En proclamant « ce n’est pas très éthique », ce n’est donc pas seulement l’éthique que l’on s’approprie mais, plus gravement encore, le pouvoir de dire le bien. À cet égard, l’expression « GPA éthique » joue dans le débat comme un écran de fumée et éclaire de manière patente cette entreprise de légitimation des discours qui n’est rien d’autre qu’une manière de refermer un débat, sitôt ouvert.
L'éthique comme attitude
Contre ceux qui veulent s’approprier la légitimité du discours « éthique » dans le débat public, et s’en servir comme d’une arme, un paravent contre les débats, ou tout simplement un marqueur de reconnaissance communautaire, nous pensons que l’éthique est avant tout notre bien commun, que, comme méthode, elle s’adresse à ceux qui veulent chercher avec d’autres et sans dogmatisme, plus qu’à ceux qui croient avoir déjà trouvé ; qu’elle ne tombe pas du ciel, pas plus qu’elle ne se trouve sous les sabots d’un cheval, mais qu’elle se construit dans la discussion et dans l’échange des points de vue.

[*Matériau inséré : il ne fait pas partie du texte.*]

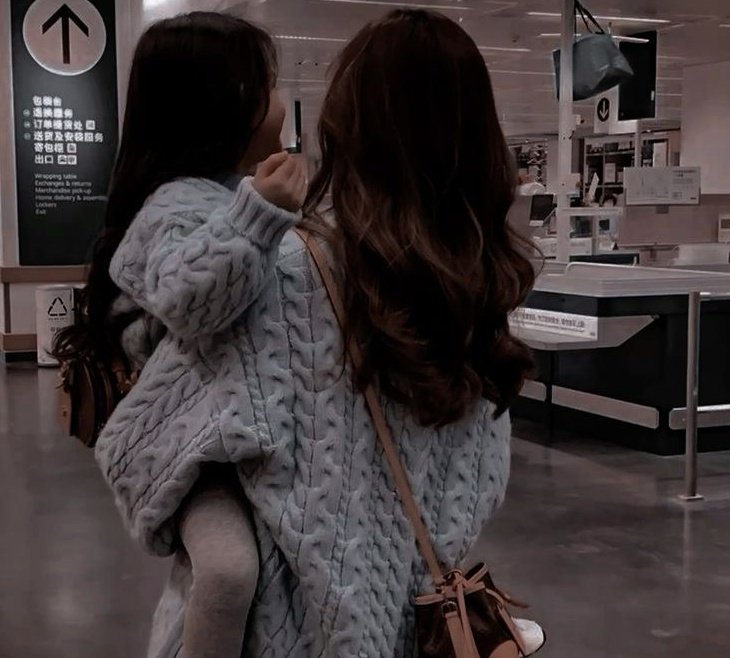 AleeraRelish's tweet photo. El hecho de que Alena nunca pudo demostrarle el amor que sentía por su hija quema y destruye demasiado 🥺💔 https://t.co/OlsLDL24QB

Nous sommes convaincus que l’éthique est – et ne peut être – qu’un milieu, une attitude, un savoir-être ensemble. Et si, pour reprendre son origine étymologique, elle est porteuse d’un ethos (en grec : « les mœurs »), il ne peut s’agir que d’un ethos démocratique : celui qui permet, au-delà des désaccords, de reconnaître en l’autre non pas un ennemi mortel ou un barbare, mais un adversaire « intelligent, honnête et respectable » (1). L’éthique joue un rôle proprement démocratique lorsqu’elle contribue à ébranler les certitudes ; lorsqu’elle sert à les fortifier, elle n’est à l’inverse qu’un prétexte pour « faire la morale ». En cela, elle est aussi un lien commun.

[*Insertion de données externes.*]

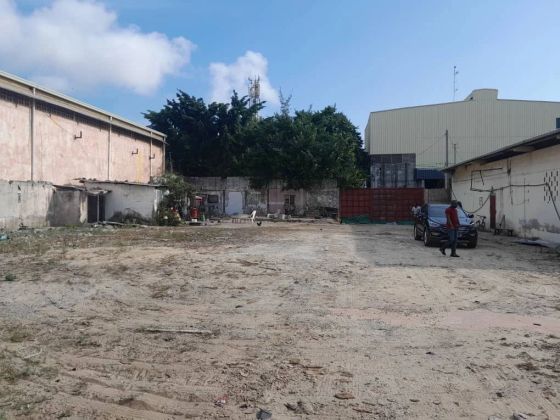  zone 3 non loin du carrefour Solibra et Sococé vente terrain 2680m2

Si l’éthique ne peut se situer qu’au-delà de l’énonciation des principes moraux – puisqu’elle a aussi pour but de les questionner –, elle n’est pas non plus à confondre avec le moment proprement politique du choix ou de la polémique politicienne. Elle est ce moment où se posent et se reposent les questions, où se bousculent les évidences et où se construisent des « désaccords féconds », pour reprendre l’expression du philosophe Patrick Viveret.
Ne nous décourageons pas face à la double menace de la récupération marketing et communautaire ; ne nous laissons pas dépouiller si facilement de cette pratique, qui pourrait se révéler plus que salutaire pour notre démocratie, et, surtout, ne cédons pas à la tentation de la jeter aux orties comme semblait le suggérer la banderole des militantes de l’association FièrEs lors d’un débat des États généraux de la bioéthique sur la PMA : « Nous ne sommes pas votre sujet de débat », proclamaient-elles alors. Résistons à ces écueils.
Essayons plutôt de faire de la démarche éthique une formidable occasion de nous relier les uns aux autres et de nous reconnaître mutuellement, à l’heure où la défiance est de plus en plus forte vis-à-vis des experts ou des représentants, et où le sentiment de ne pas être entendu se fait de plus en plus violent.